Nikolay Izvolov: “I am restoring the second film of Dziga Vertov literally from frames”

Шагай, Совет! 1926. Дзига Вертов / Dziga Vertov. Shagay, Sovet! (Stride, Soviet!)

Nikolay Izvolov: 'I am restoring the second film of Dziga Vertov literally from frames'

Nikolay Izvolov: &# 171; I restore the second film by Dziga Vertov literally frame by frame&# 187;

The Russian Civil War as a Visual Artifact of History

A year later, in March 2021, the centenary of the end of the civil war in Russia will be celebrated. Film historian and archivist Nikolai Izvolov is working on the restoration of a lost film about this war, created by the pioneer of world documentary filmmaking Dziga Vertov in 1921. Izvolov told Voice of America that he plans to complete the reconstruction of the film “History of the Civil War” by March next year.

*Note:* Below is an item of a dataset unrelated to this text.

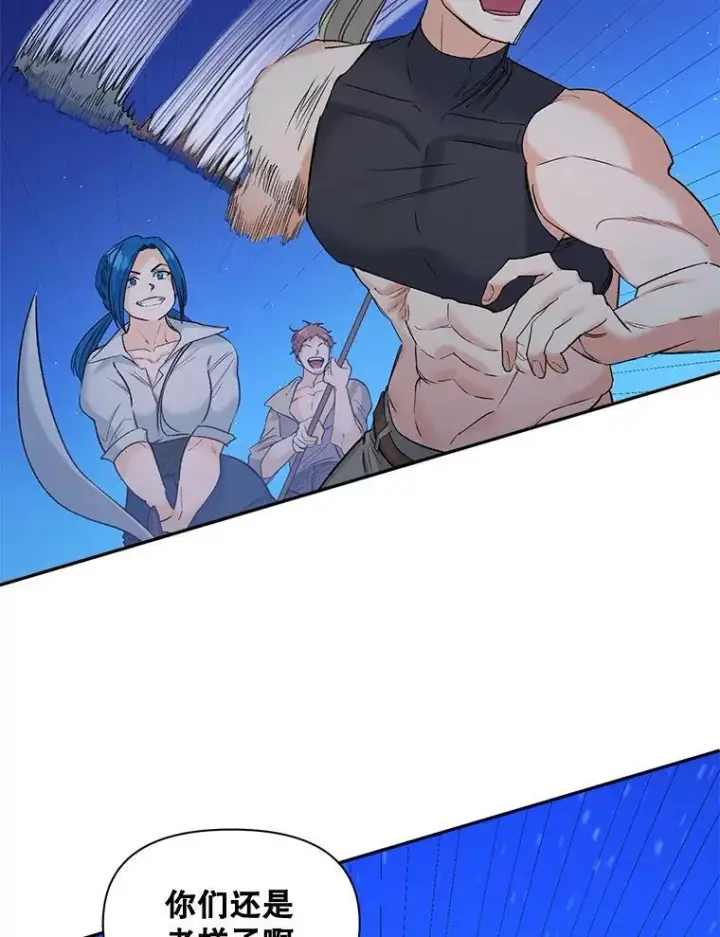 漫画《伯爵孤女的重生》94.揭穿第15张图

“As the saying goes, a dinner spoon is good,” he says. “But, of course, the coronavirus pandemic can make adjustments to our plans, so they are of a purely preliminary nature.”.

This is the second film by Dziga Vertov, restored by Izvolov. In the fall of 2018, the “retro-premiere” of his film “Anniversary of the Revolution” took place in Amsterdam. Izvolov assembles the second picture of the master, “The History of the Civil War” from fragments stored mostly in the Krasnogorsk Archive of Film and Photo Documents.

Nikolay Izvolov is a Russian film critic, film historian, author of the book “The Phenomenon of Cinema. History and theory “. The correspondent of the Russian service “Voice of America” ​​spoke with him on Skype..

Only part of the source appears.